Juru bicara KPK, Febri Diansyah, mengatakan penyidik telah meminta keterangan sejumlah saksi anyar untuk membuktikan keterlibatan Ketua Dewan Perwakilan Rakyat itu dalam perkara yang merugikan negara hingga Rp 2,3 triliun ini. “Beberapa saksi yang pernah diperiksa pun dimintai keterangan barunya. Itu juga bisa jadi bukti baru,” kata Febri di Jakarta, Senin, 11 Desember 2017.
Baca: Praperadilan Setya Novanto, KPK Putar Video Andi Narogong
Menurut dia, sedikitnya 99 saksi telah diperiksa untuk Setya, yang kembali ditetapkan sebagai tersangka pada 31 Oktober 2017. Tak hanya mengandalkan keterangan saksi, penyidik juga mengantongi bukti dokumen.
KPK, Febri mencontohkan, kembali meminta Badan Pengawasan Keuangan dan Pembangunan (BPKP) untuk mengaudit dugaan kerugian negara akibat korupsi proyek e-KTP. “Hitungan itu terbilang sebagai bukti baru meski hitungan sama,” ujarnya.
Alat bukti dipersoalkan kuasa hukum Setya dalam gugatan praperadilan di Pengadilan Negeri Jakarta Selatan. Mereka merujuk pada putusan hakim tunggal Cepi Iskandar, akhir September 2017, yang membatalkan penetapan tersangka Setya—sebelum akhirnya KPK kembali menetapkannya sebagai tersangka.
Baca: Beda Hakim Kusno dan Cepi Iskandar di Praperadilan Setya Novanto
Dalam putusannya, Cepi menyatakan bukti yang digunakan untuk tersangka atau terdakwa lain tak dapat digunakan untuk menjerat Setya. Putusan itu dinilai keliru oleh sejumlah pakar hukum lantaran Kitab Undang-Undang Hukum Pidana mengatur alat bukti dapat digunakan pada dua pemeriksaan terpisah dalam kasus pidana yang dilakukan oleh lebih dari satu orang.

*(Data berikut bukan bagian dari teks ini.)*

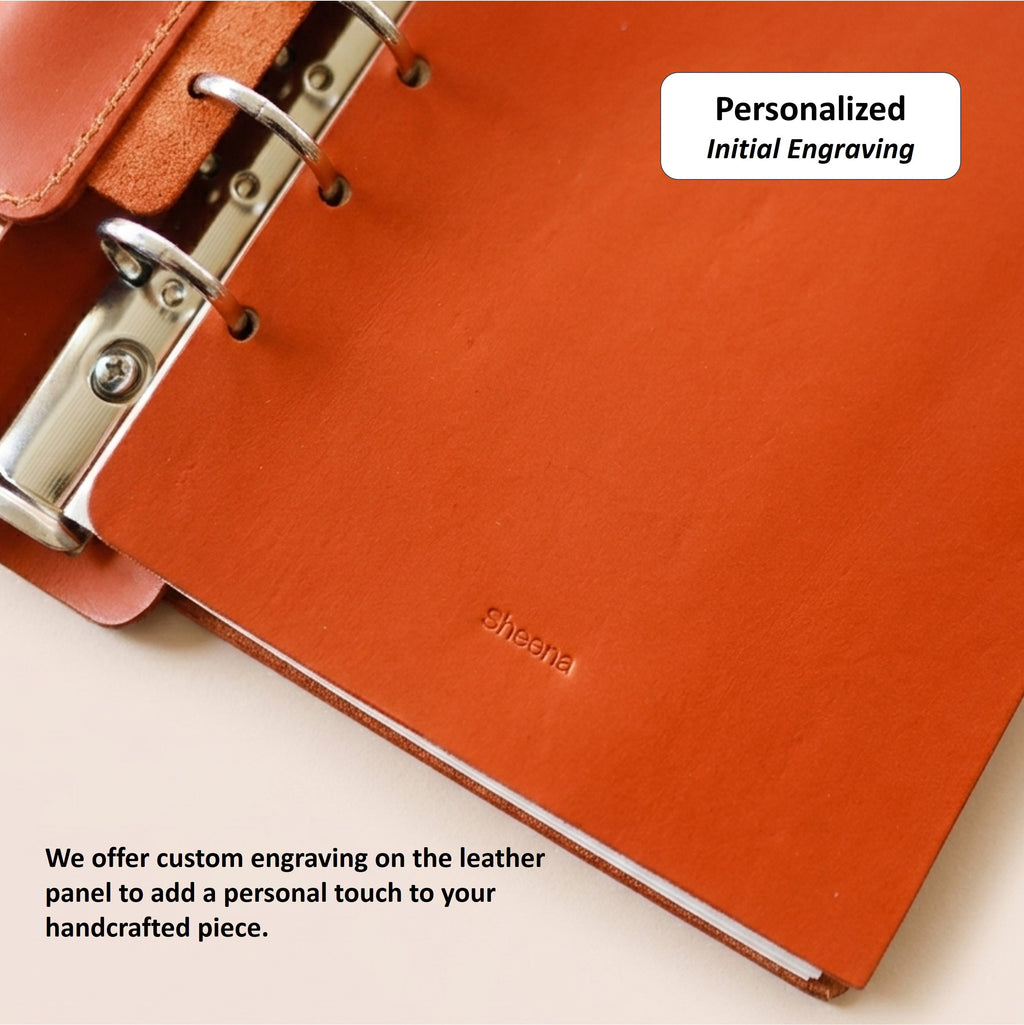 Personalized initial engraving on the interior leather panel of an A6 journal cover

Pada persidangan Senin, 11 Desember 2017, saksi ahli yang disodorkan Setya Novanto juga menyatakan KPK tidak bisa menggunakan alat bukti lama untuk menjerat Setya. Sebab, alat bukti itu dinyatakan tidak sah dalam sidang praperadilan pertama yang dilayangkan Setya. “Percuma kalau menggunakan bukti lama,” kata ahli hukum dari Universitas Islam Indonesia, Mudzakir.